By Edward Krudy
(Reuters) - Detroit's emergency manager Kevyn Orr showed little enthusiasm on Wednesday for a new proposal from a bond insurer to sell or securitize the insolvent city's world-class art collection.
The collection, housed at the Detroit Institute of Arts, has been in question since Detroit filed for an $18 billion municipal bankruptcy last July, the largest in U.S. history.
The city is pushing what it calls a "Grand Bargain" to save the collection by raising about $815 million from the state, private donors and several foundations to pay the city for the entire collection.

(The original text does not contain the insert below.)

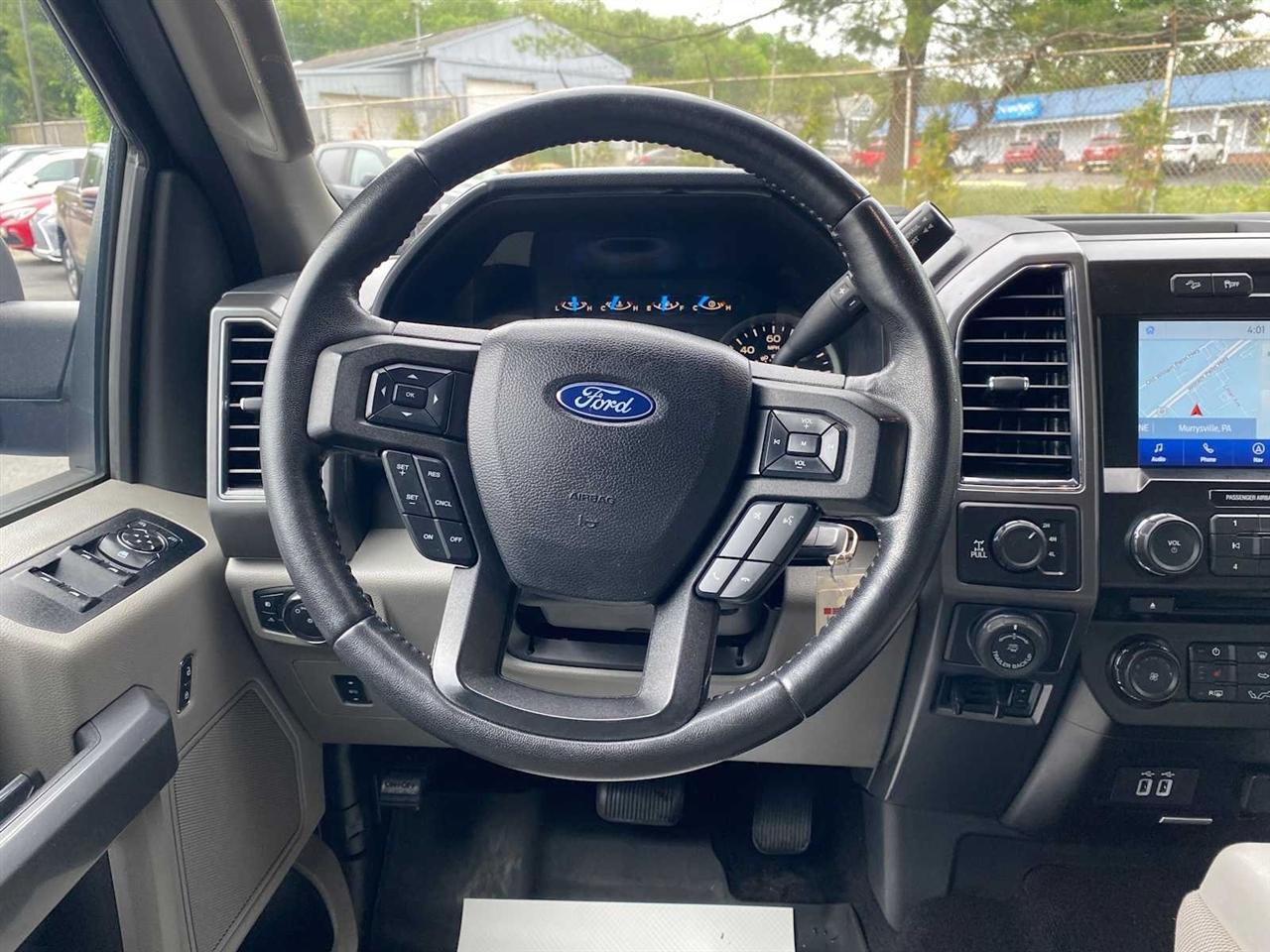 Ford F-150 XLT SuperCrew 4WD 2017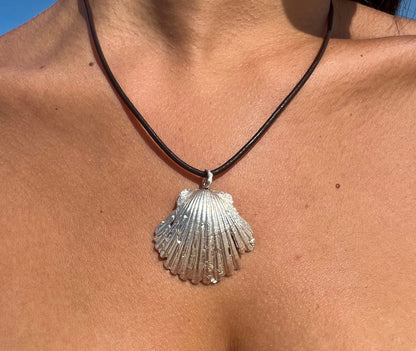 Venus Shell Pendant - Sandcast, Handforged - Available in 24k Gold, 18K Gold or 999 Silver - Unisex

That would stop any potential move to break it up and sell it off to pay off the city's creditors.
But bond insurer FGIC Corp, which insurers $1.1 billion of the city's pension debt, said on Wednesday it had received proposals from "credible third parties" for acquiring or monetizing the collection that would generate $1 billion to $2 billion for the bankrupt city, considerably more than Orr's current plan.
Orr poured cold water on that idea in an interview with Reuters late on Wednesday. "We have no intention of selling art," Orr said. "In a Chapter 9 you cannot compel the city to sell anything, not a park, not a zoo, not the DIA."

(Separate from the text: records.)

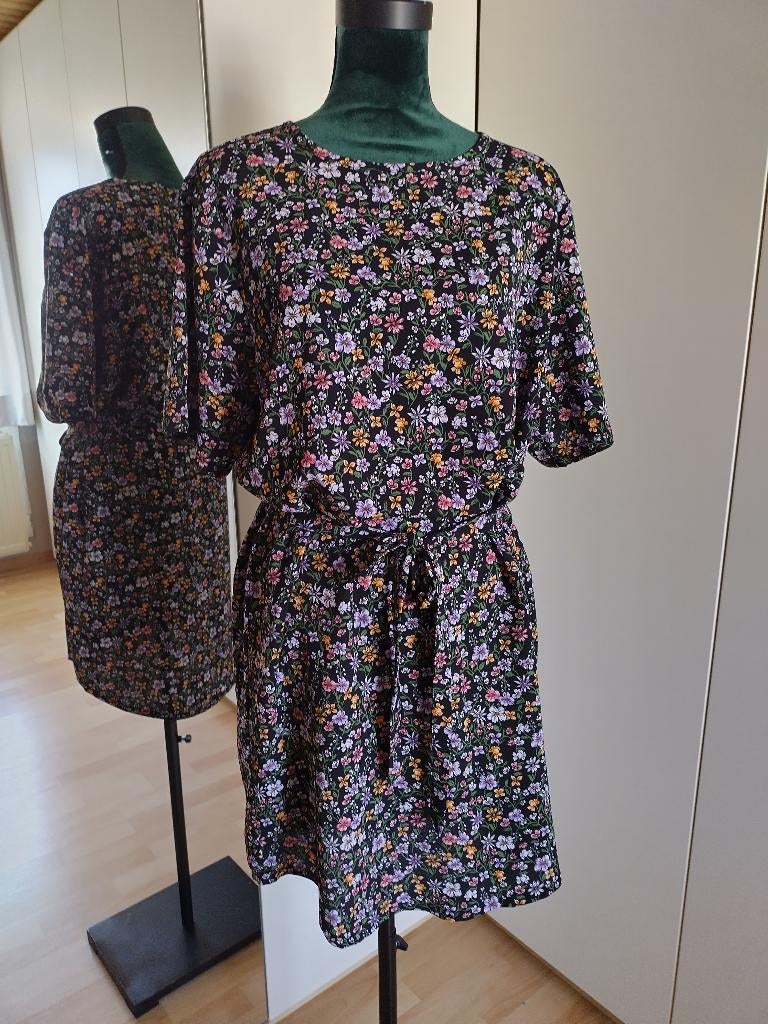 Te koop aangeboden: Dames Bloemetjesjurk , Zwart, Maat 42/44 (L), City Life , Ophalen of Verzenden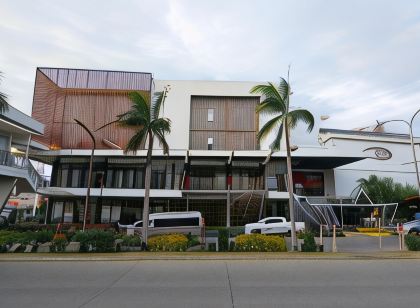 Viven Hotel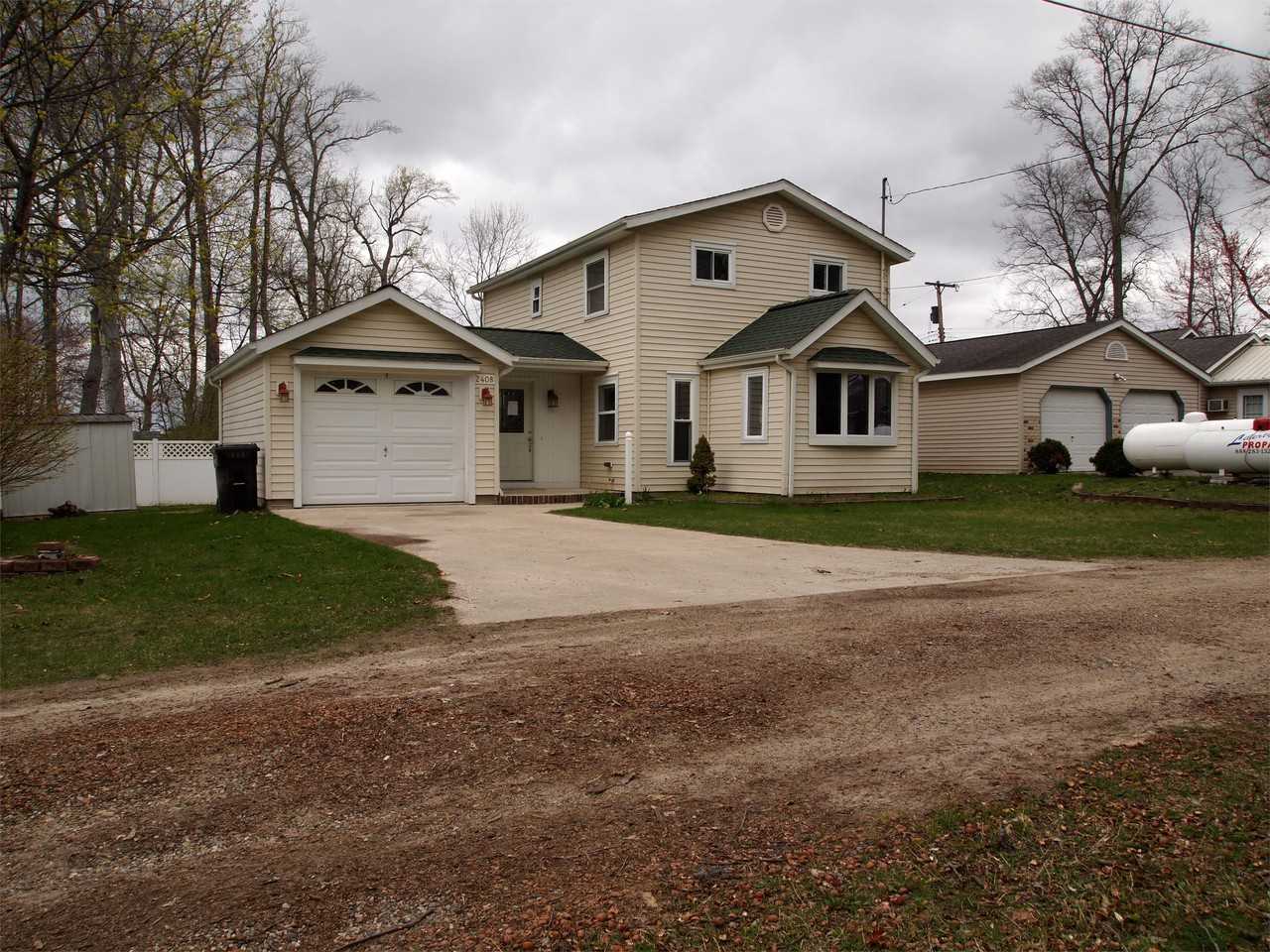 2408 Spruce Dr #1 - Photo 2 of 35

The nearly 3,000 works owned or partially owned by the city were valued by Christie's in December at between $452 million and $866 million. Those works represent only about 5 percent of the collection and Christie's said 11 pieces on display at the museum account for 75 percent of the appraised value.
The DIA's collection includes famous works such as Van Gogh's 'Bank of the Oise at Auvers' (1890), Henri Matisse's 'The Window' (1916), and Bruegel's 'Wedding Dance' (1566).
Creditors have requested an expedited hearing for April 23, asking the city to "cooperate with interested parties seeking to conduct due diligence on the art collection housed at the Detroit Institute of Art," according to a court filing on Wednesday.
Orr said securitizing the art collection, effectively using it as collateral to take out a loan, would be too expensive, attracting interest rates of 6 percent to 9 percent.
"We are trying to get out of exorbitant debt rates for municipal finance and that's pretty high, so I'm going to put that aside," Orr said.
The four proposals FGIC said it had received range from an offer to buy a small percentage of the DIA collection for between $896 million to $1.473 billion to using the collection as security for a loan to the city of up to $2 billion, FGIC said.
"How can the City even consider blindly forging ahead with the Grand Bargain when presented with real alternatives that would allow it to substantially enhance creditor recoveries (to the tune of $1 to $2 billion) while maintaining the DIA as a culturally relevant institution?" Steve Spencer, a financial adviser to FGIC, said in a statement.